The goal of the ReNoC architecture is to combine the best from the worlds of packet-switching and physical circuit-switching. Physical circuit-switching is used to set up energy-efficient end-to-end connections between IPblocks and/or to form (long) links between routers, bypassing intermediate routers (which may or may not be powered down). Thereby, the topology can be changed by reconfiguring the circuit-switches (in the following, denoted topology switches due to their functionality) while packetswitching can be used to share the circuit-switched connections when the flexibility is needed. To our knowledge, no previous work has been done in combining packetswitching and physical circuit-switching such that the two methods co-exist in the same architecture.

A somewhat related idea is presented in [12, 13]. Here the authors argue - from an algorithm and parallel processing viewpoint - that the interconnect topology in a multiprocessor platform should be reconfigurable. The authors suggest that the network be implemented in FPGA technology, but beyond this the papers offer limited information on implementation issues. Our work is different in that it originates in a desire to provide efficient interconnect in (heterogeneous) multi-core systems-on-chip, by combining packet-switching, circuit-switching and reconfigurability, and in that we present an implementation which is reconfigurable at a more course grained level. The latter results in a higher performance and a more cost-effective solution.

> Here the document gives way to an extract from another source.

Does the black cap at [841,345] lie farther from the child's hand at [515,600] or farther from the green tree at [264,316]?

## 4 **ReNoC** Architecture

In this section we present the Reconfigurable NoC (ReNoC) architecture. First, the basic concepts of the architecture are explained through a simple example, before the generality of the architecture is discussed.

#### 4.1 Basic Concepts

Figure 1 shows an overview of the ReNoC architecture. As introduced in section 1, it allows a logical topology to be configured on top of the real physical architecture. The topology configuration is transparent for the application, and the application experiences the topology as an ordinary static topology.



Figure 2. A simple physical architecture where network nodes are connected in a 2D mesh topology. A network node consists of a router that is wrapped by a topology switch.

The fundamental ideas of ReNoC are best explained through an example. For this, figure 2 shows a physical architecture consisting of network nodes connected by links in an 2D mesh topology. Each network node consists of a conventional NoC *router* which is wrapped by a *topology* switch. The topology switches are used to connect links and routers into a logical topology and they thereby allow different application-specific logical topologies to be configured on top of the same physical architecture. Figure 3 shows two examples of logical topologies that can be created by configuring the topology switches appropriately. As seen, it is possible to form long logical links connecting: (i) Any two IP-blocks, (ii) any two routers, and (iii) any IP-block and router. The physical distance between the IPblock/router does not matter, as long as a logical link can be established. Figure 3 illustrates that it is possible to configure logical topologies that are very different from the basic 2D mesh. If desired, it is also possible to configure a logical topology which is a 2D mesh.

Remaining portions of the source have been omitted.